That is the list of presidential election results, by state, for every election ever held in the United States of America. There was a version of this chart in one of my history books in college and then, as now, it fascinated me. See, the state I'm currently moving out of is Vermont, and Vermont has the longest party loyalty streak of any state for any party: from 1856 through 1960, Vermont voted Republican. In case you were wondering, this is what the electoral map of 1856 looked like:
There were 31 states that year. And Vermont remained a Republican stronghold for 104 years. Even when the cool states were voting Democratic, Vermont voted Republican. Even when it was FDR in World War II, Vermont voted Republican. In fact, even after going for LBJ in 1960, Vermont went back to being Republican until 1992. Now, it's one of the bluest of the blue states, with there being no indication of anything about that changing in this election. Why?
It's complicated in ways I wish I had the time to get into. The Republican and Democratic parties performed a very slow waltz over the course of the 20th century in which the two traded places as the liberal and conservative voices, and that had a lot to do with race. In the last few years, the remaining handful of conservative Democrats and liberal Republicans have either jumped ship or died from old age.
One might think that that's what happened with Vermont: The conservative generation has passed on, giving way to liberals. But what I, personally, have seen is nothing like that: I went to an Occupy march last year at about this time and most of the people there had probably been college kids when Vietnam was happening. The liberals here are young and old.

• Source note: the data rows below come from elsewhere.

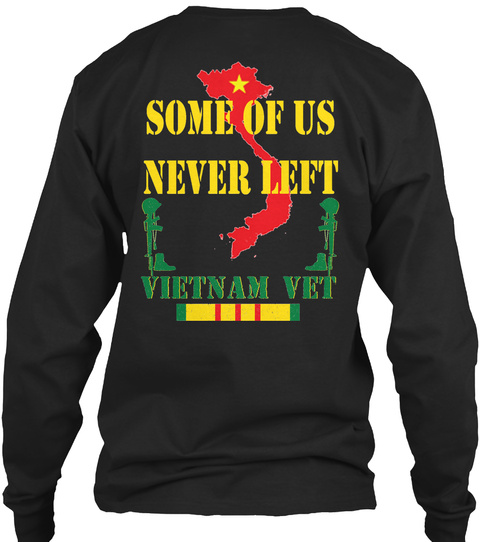Some Of Us Never Left Vietnam Vet Black T-Shirt Back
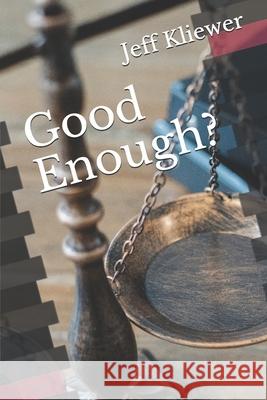 Good Enough?: God, Sinners and Salvation in the Book of Romans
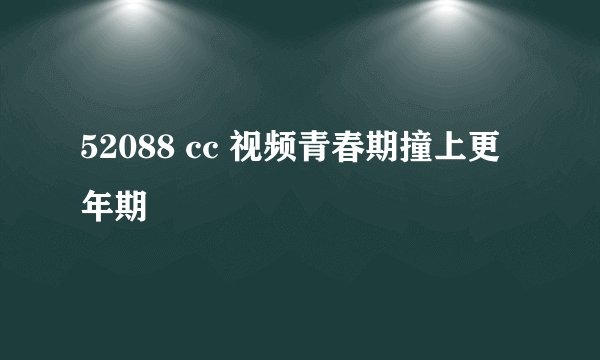 52088 cc 视频青春期撞上更年期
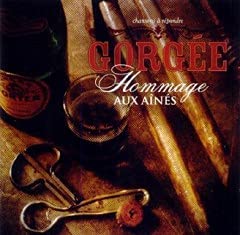 Gorgée / Chansons a Boires [Audio CD] Hommage Aux Ainés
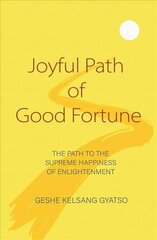 Joyful Path of Good Fortune: The Complete Buddhist Path to Enlightenment Revised edition цена и информация | Духовная литература | 220.lv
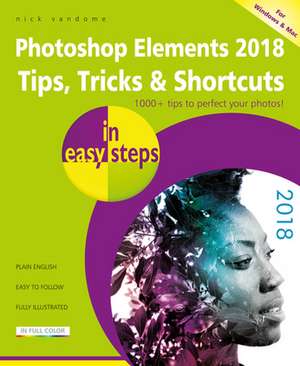 Photoshop Elements 2018 Tips, Tricks & Shortcuts in easy steps de Nick Vandome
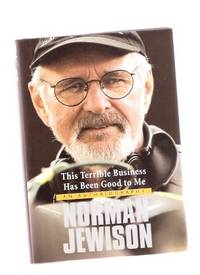 NORMAN JEWISON:  This Terrible Business Has Been Good to Me -an Autobiography -a Signed Copy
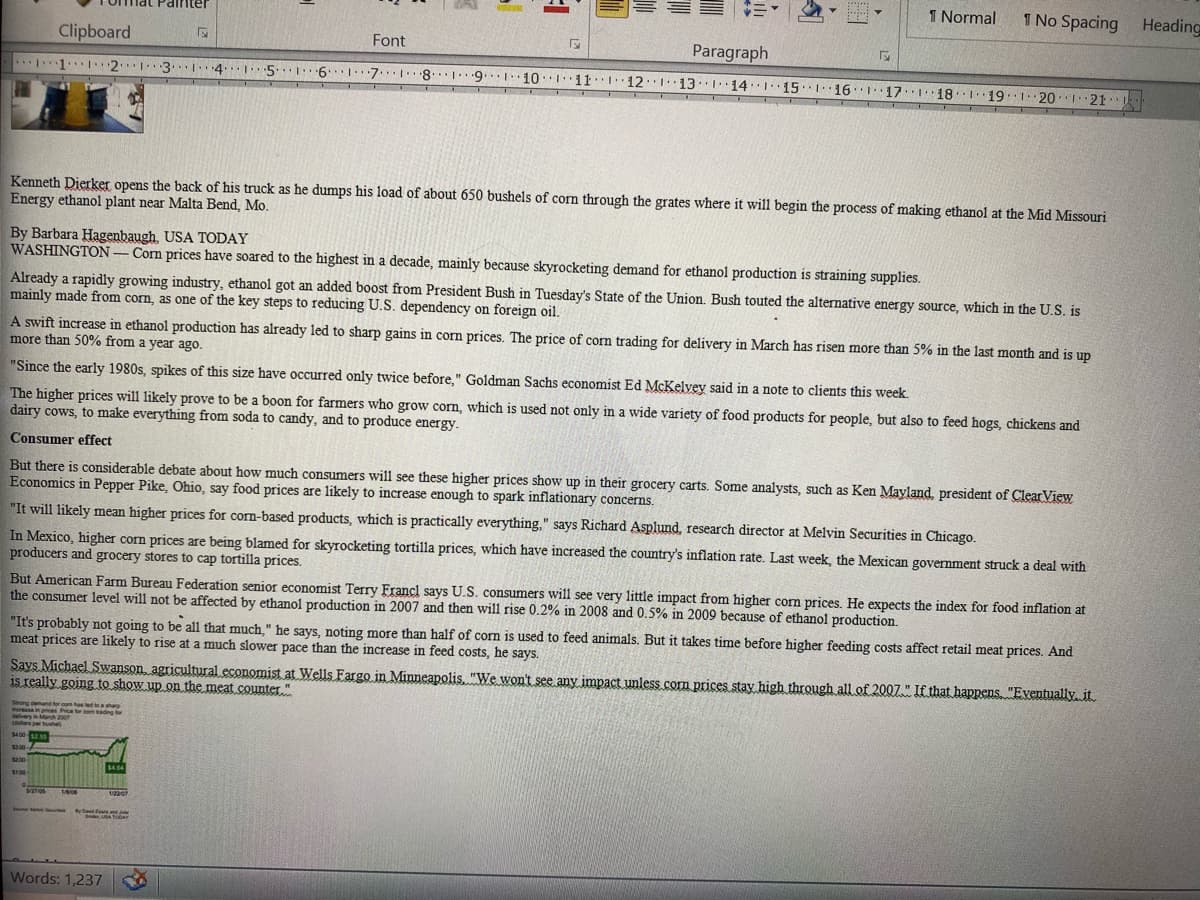 1 Normal
1 No Spacing Heading
Tnat Painter
Clipboard
Font
Paragraph
1 213
7.. 8. 9... 10111112113114 I 151161171 181191 20I 21
....
.....
191 20121
Kenneth Dierker opens the back of his truck as he dumps his load of about 650 bushels of corn through the grates where it will begin the process of making ethanol at the Mid Missouri
Energy ethanol plant near Malta Bend, Mo.
By Barbara Hagenbaugh. USA TODAY
WASHINGTON-Com prices have soared to the highest in a decade, mainly because skyrocketing demand for ethanol production is straining supplies.
Already a rapidly growing industry, ethanol got an added boost from President Bush in Tuesday's State of the Union. Bush touted the alternative energy source, which in the U.S. is
mainly made from corn, as one of the key steps to reducing U.S. dependency on foreign oil.
A swift increase in ethanol production has already led to sharp gains in corn prices. The price of corm trading for delivery in March has risen more than 5% in the last month and is up
more than 50% from a year ago.
"Since the early 1980s, spikes of this size have occurred only twice before," Goldman Sachs economist Ed McKelyey said in a note to clients this week.
The higher prices will likely prove to be a boon for farmers who grow corn, which is used not only in a wide variety of food products for people, but also to feed hogs, chickens and
dairy cows, to make everything from soda to candy, and to produce energy.
Consumer effect
But there is considerable debate about how much consumers will see these higher prices show up in their grocery carts. Some analysts, such as Ken Mayland, president of ClearView
Economics in Pepper Pike, Ohio, say food prices are likely to increase enough to spark inflationary concerns.
"It will likely mean higher prices for corn-based products, which is practically everything," says Richard Asplund, research director at Melvin Securities in Chicago.
In Mexico, higher com prices are being blamed for skyrocketing tortilla prices, which have increased the country's inflation rate. Last week, the Mexican government struck a deal with
producers and grocery stores to cap tortilla prices.
But American Farm Bureau Federation senior economist Terry Francl says U.S. consumers will see very little impact from higher com prices. He expects the index for food inflation at
the consumer level will not be affected by ethanol production in 2007 and then will rise 0.2% in 2008 and 0.5% in 2009 because of ethanol production.
"It's probably not going to be all that much" he says, noting more than half of com is used to feed animals. But it takes time before higher feeding costs affect retail meat prices. And
meat prices are likely to rise at a much slower pace than the increase in feed costs, he says.
Says Michael Swanson agricultural economist at Wells Fargo in Minneapolis. "We won't see any impact unless.com prices stay high through all of 2007." If that happens "Eventually, it.
is really going to show up .on the meat .counter."
Strong emand for co has led to shar
Price or com ading lor
ease
elvery in March 2007
dars per bushel
$400 5
$300-
s200
$4.04
S100
1/220
A ToGAY
Words: 1,237
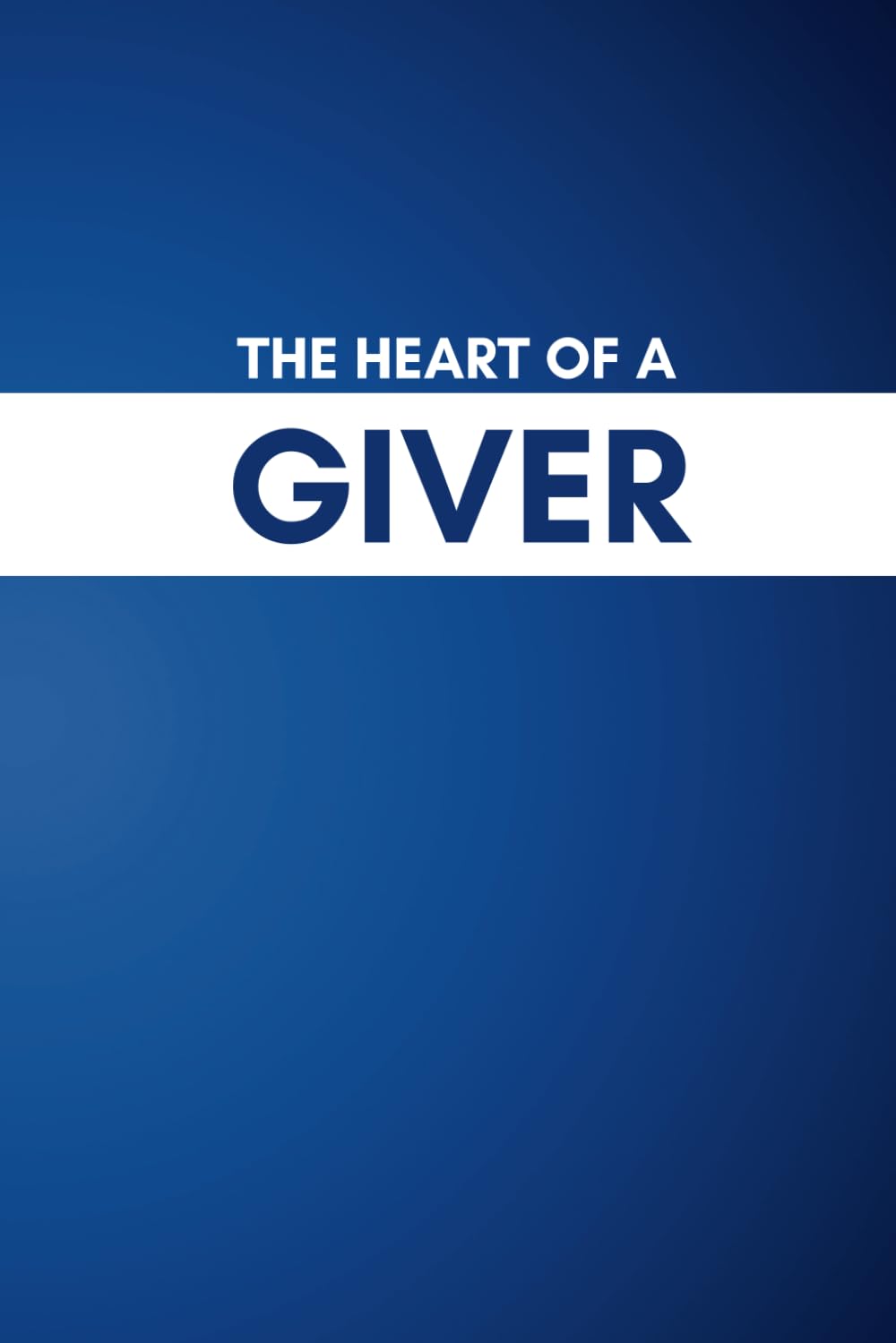 The Heart of a Giver: A Handbook for Healthy Giving in the Church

More than that, however, is that the Republican Party here in Vermont looks nothing like the Republican Party nationally. There are different strains of Republicanism nationally - the Reaganites, the neo-cons, whatever Mitt Romney is classified as - but I'd say the Republicans here are Coolidge Republicans, taciturn to the point of being spartan and concerned with function over style for everything. At the height of Tea Party mania during the midterm elections of 2010... nothing happened here.
I'm too young to really know if they've stuck by their guns the whole time or if they've retracted from the high-water mark of Reagan flamboyance in the 1980s, but either way, they're not the rest of the party is nationally. Just a thought worth sharing as we head into an election in which both sides are convinced the other party's candidate will run the US into the ground.